We agree, and it's not a sequential or a linear series of steps, and one isn't to the exclusion of the other, so let me just clarify that really quickly.
Yes, there are partnerships that NATO has established. There are partnerships for peace. There were certainly partnerships that were much trumpeted for the Libyan mission: the inclusion of the UAE, non-combat support by Morocco, and so on and so forth. Those are all good and valuable things, but they are punctual and tactical, if you will. They're not strategic in terms of the partnerships that are formed.
When you put a strategic concept in a document that is supposed to provide guidance for an organization for the next decade, it's incumbent on that document to look at the trends that are unfolding in the world and try to anticipate its partnerships as a consequence. So, yes, there should be smaller, punctual partnerships, which obviously are valuable, but we did talk about the long-term strategic shift in Asia and incorporating some of those.

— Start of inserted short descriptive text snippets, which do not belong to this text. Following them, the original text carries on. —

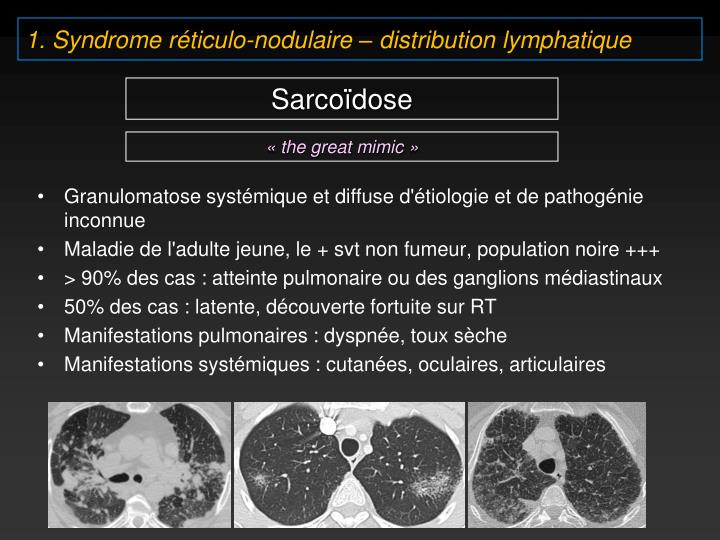 PPT 6. Pneumopathie interstitielle aiguë (AIP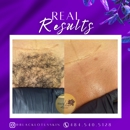 Black Lotus Skincare - Hair Removal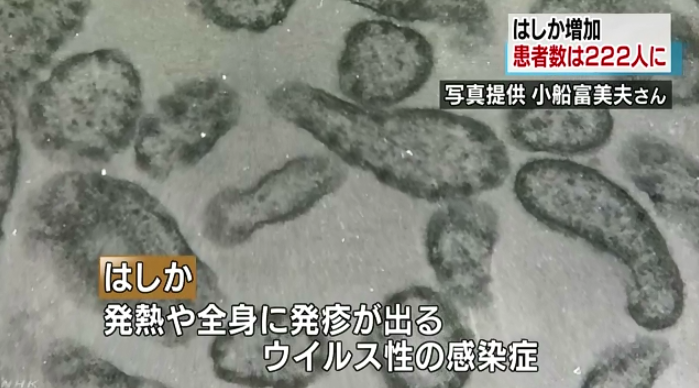 日本全国麻疹患者激增 大阪一周新增24人 日本全国麻疹患者激增 大阪一周新增24人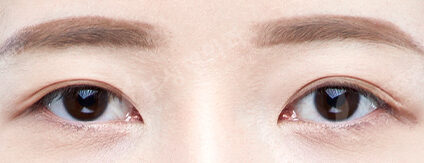 Combination Ptosis Correction Surgery+Lateral CanthoplastyLower Canthoplasty+3 Types Face Contouring (9 Months) — Before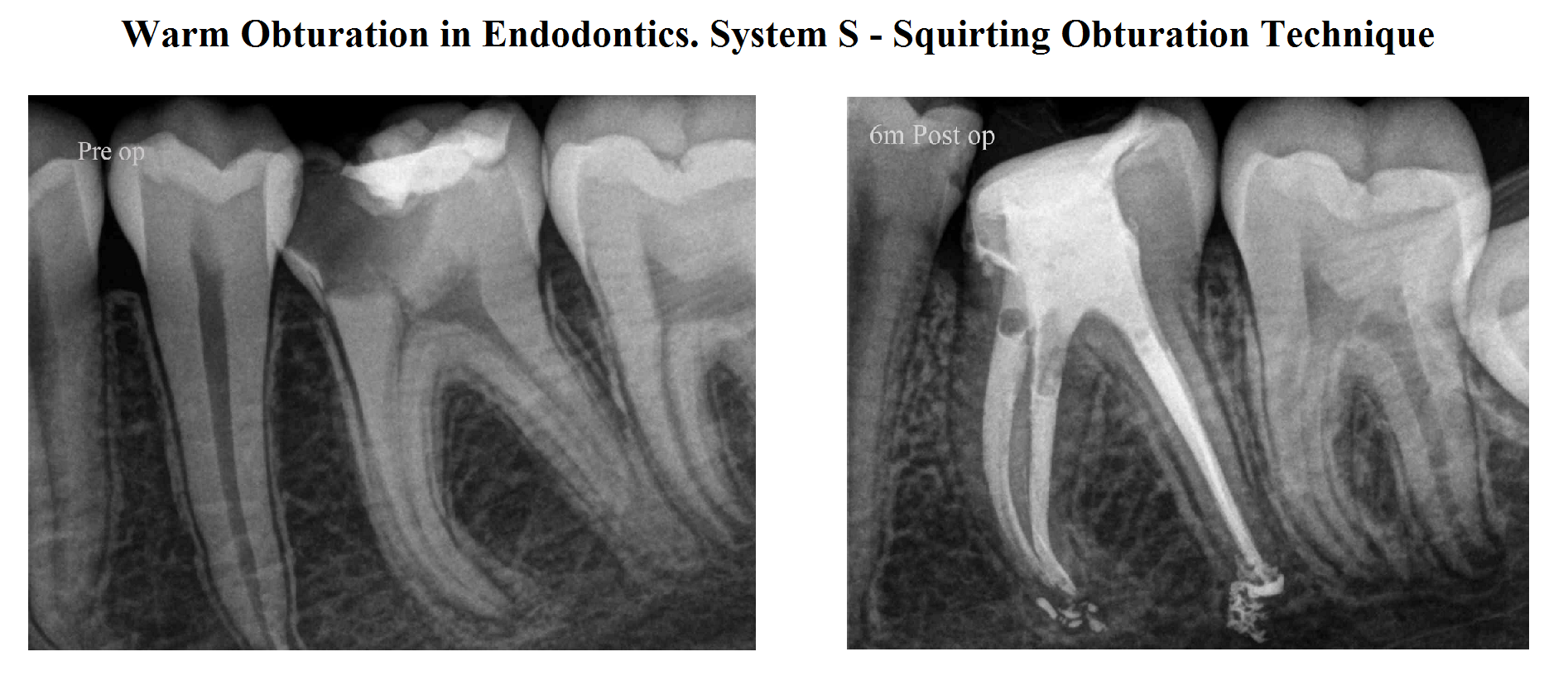 System S Squirting Obturation Technique In Endodontics News Dentagama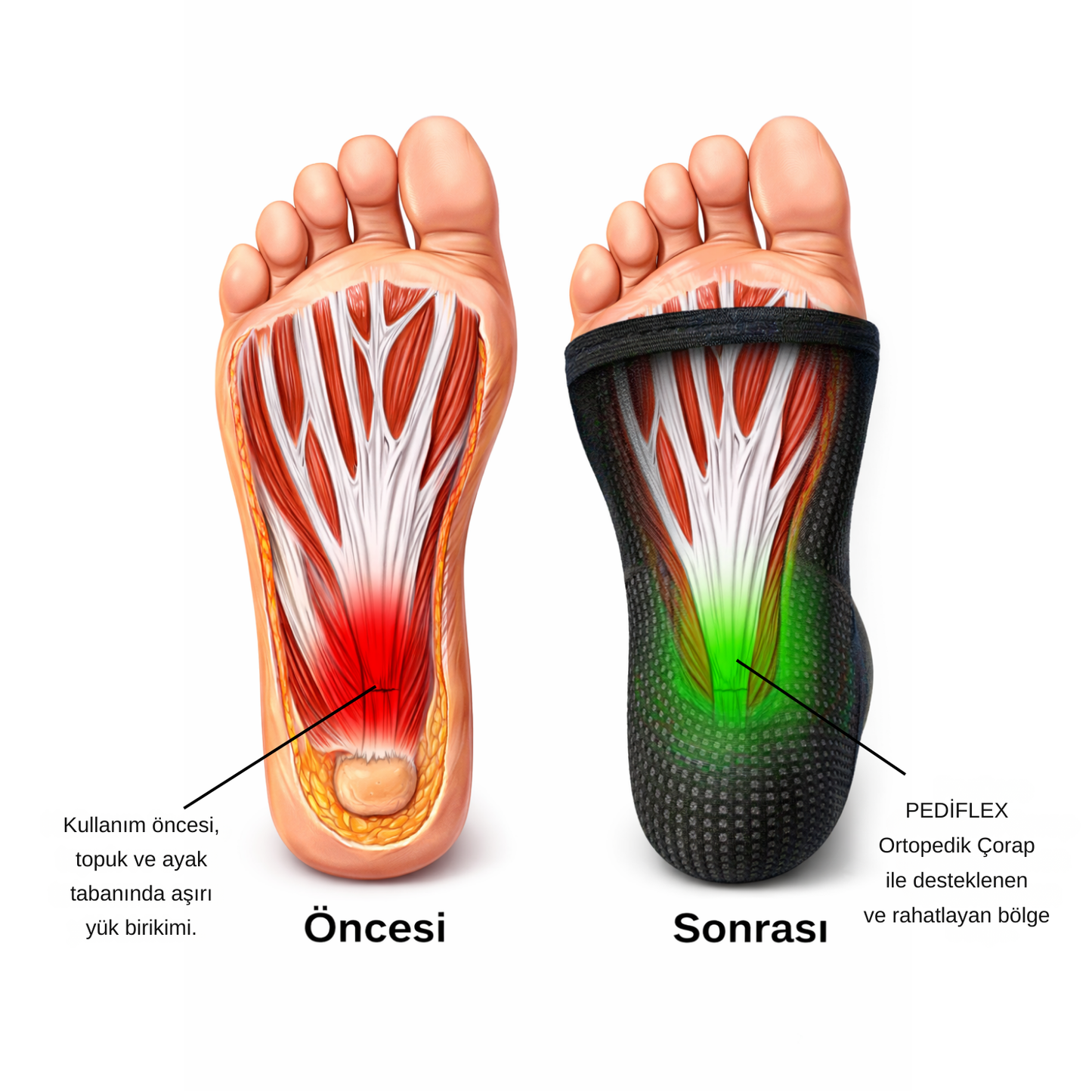 PEDİFLEX Ortopedik Çorap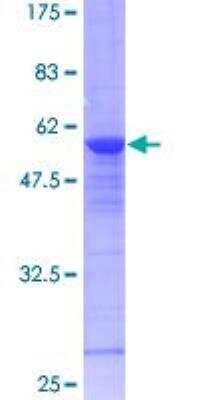 SDS-PAGE: Recombinant Human RAB8A GST (N-Term) Protein [H00004218-P01]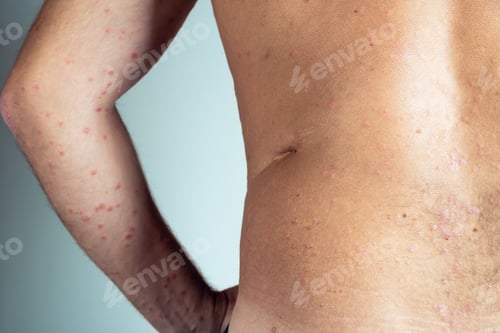 Preview: Back view of bare elbow and back of unrecognizable man showing inflamed skin with blemishes sufferin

Now with respect to Asia and the Americas and certainly Africa—and we're seeing South Sudan materialize as a hot spot right now, which we identified as well in the strategic outlook paper—there is a role for NATO in these places. NATO's strategic concept in itself talks about mobile, deployable, joint forces, including the NATO response force at a strategic distance. It talks about protection of transit areas and lines of communication and energy infrastructure. But aside from making those statements inside the concept, we're not seeing advancement of that discussion, and it's in our interest to advance that.
What we would like, first of all, is for NATO to more seriously address the role it has to play in places like Africa and Asia, because as we said, the border is on the west. We just don't see that happening right now.